*** Begin section ***
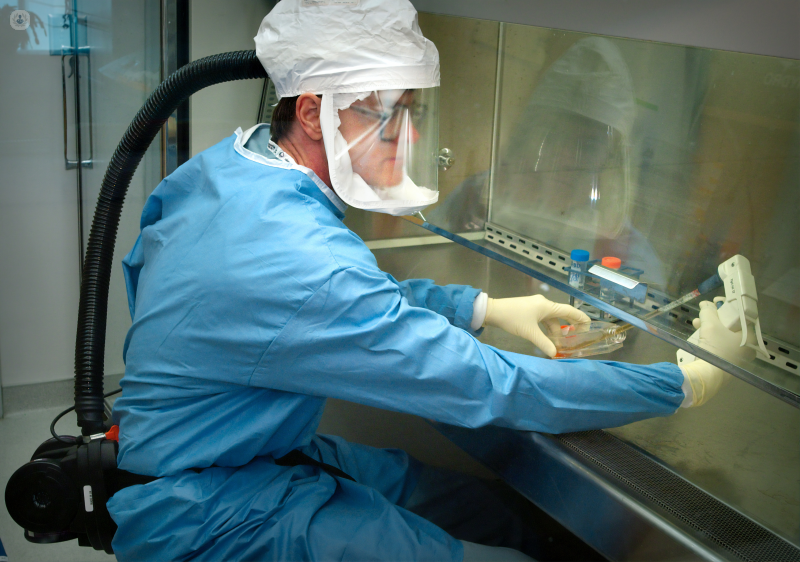 A man in a soecial suit testing coronavirus samples.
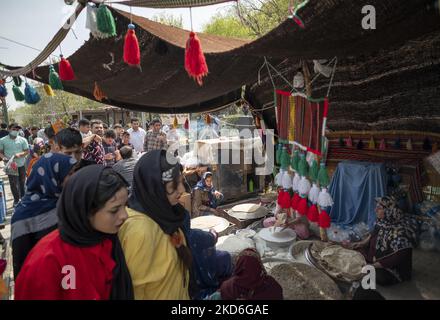 Dans un parc du nord de Téhéran, les familles marchent devant une tente indigène traditionnelle iranienne pendant le jour du Sizdah Bedar, également connu sous le nom de jour de la nature, sur 2 avril 2022. Sizdah Bedar, également connu sous le nom de la Journée de la nature, est un festival iranien qui se tient chaque année le treizième jour de Farvardin (le premier mois du calendrier iranien), où les gens passent du temps à l'extérieur et marquent la fin des vacances de Nowruz en Iran. Le gouvernement iranien a autorisé les gens à sortir de leur maison et à se rendre dans des lieux de plein air deux ans après la nouvelle épidémie de coronavirus (COVID-19) en Iran. (Photo de Morteza Nikoubazl/NurPhoto) Banque D'Images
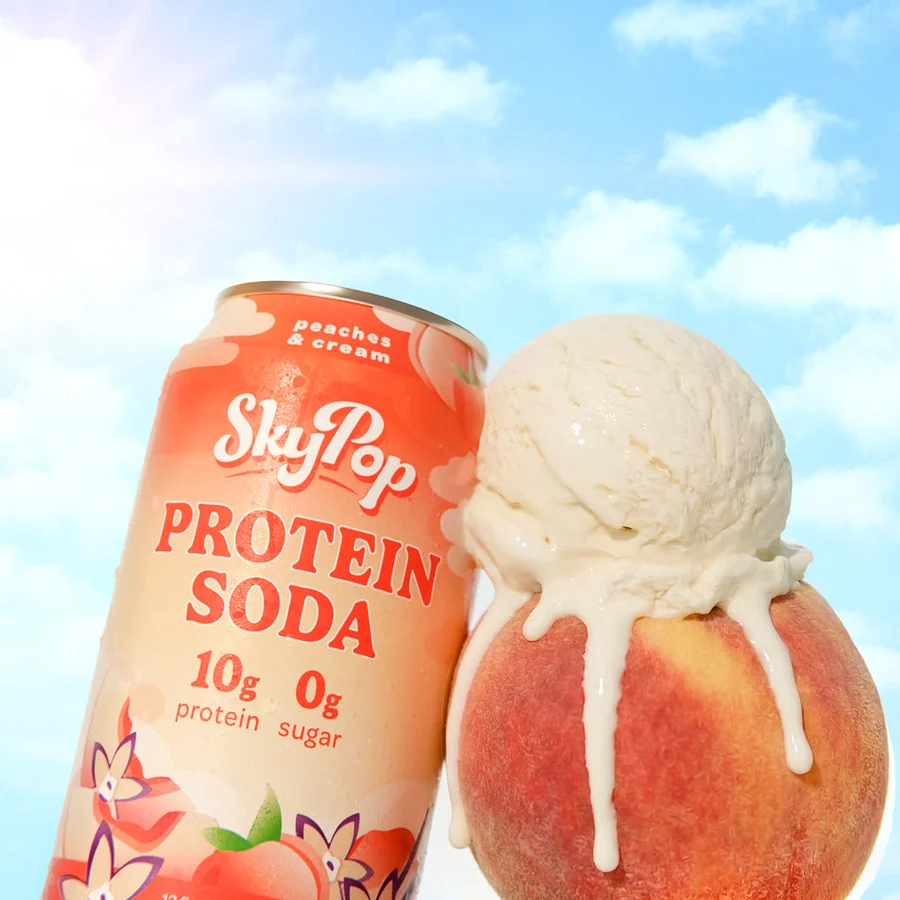 SkyPop Peaches and Cream protein soda can beside a fresh peach topped with a scoop of ice cream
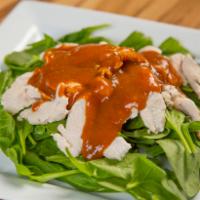 21. Swimming Rama · Your choice of protein sauteed on a bed of spinach and topped with peanut sauce.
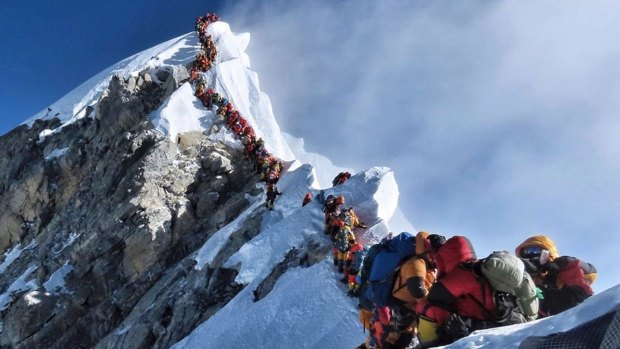 This photo showing climbers queuing to reach the summit of Everest went viral last month.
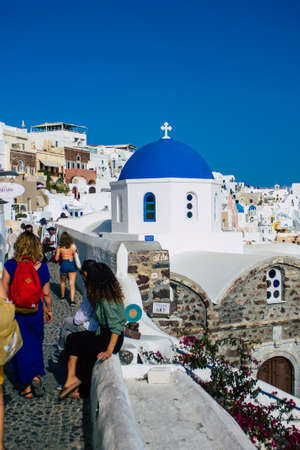 Santorini, Oia, Greece - October 24, 2021 Crowd of tourists visiting the famous perched town of Oia during the coronavirus epidemic hitting Greece, wearing a mask in the street is not mandatoryのeditorial素材
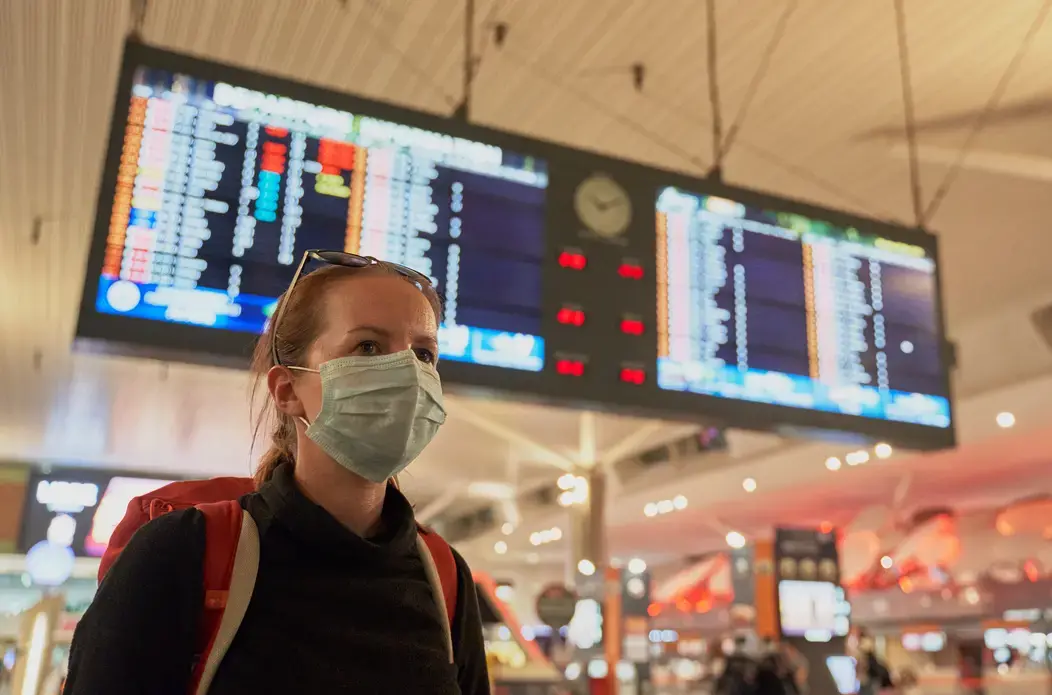 A woman with a backpack wears an anti-virus mask on her face at an airport. Image by Damian Pankowiec/Shutterstock. 2020. A woman with a backpack wearing an anti-virus mask on her face at the airport arrivals board. Image by Damian Pankowiec/Shutterstock. 2020.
*** End section ***
■ About this task ■
Repeat word for word, and nothing more, the lines between the line containing "This photo showing" and the last line of the records above, inclusive, without pictures.

■ Response to the task ■
 This photo showing climbers queuing to reach the summit of Everest went viral last month.
 Santorini, Oia, Greece - October 24, 2021 Crowd of tourists visiting the famous perched town of Oia during the coronavirus epidemic hitting Greece, wearing a mask in the street is not mandatoryのeditorial素材
 A woman with a backpack wears an anti-virus mask on her face at an airport. Image by Damian Pankowiec/Shutterstock. 2020. A woman with a backpack wearing an anti-virus mask on her face at the airport arrivals board. Image by Damian Pankowiec/Shutterstock. 2020.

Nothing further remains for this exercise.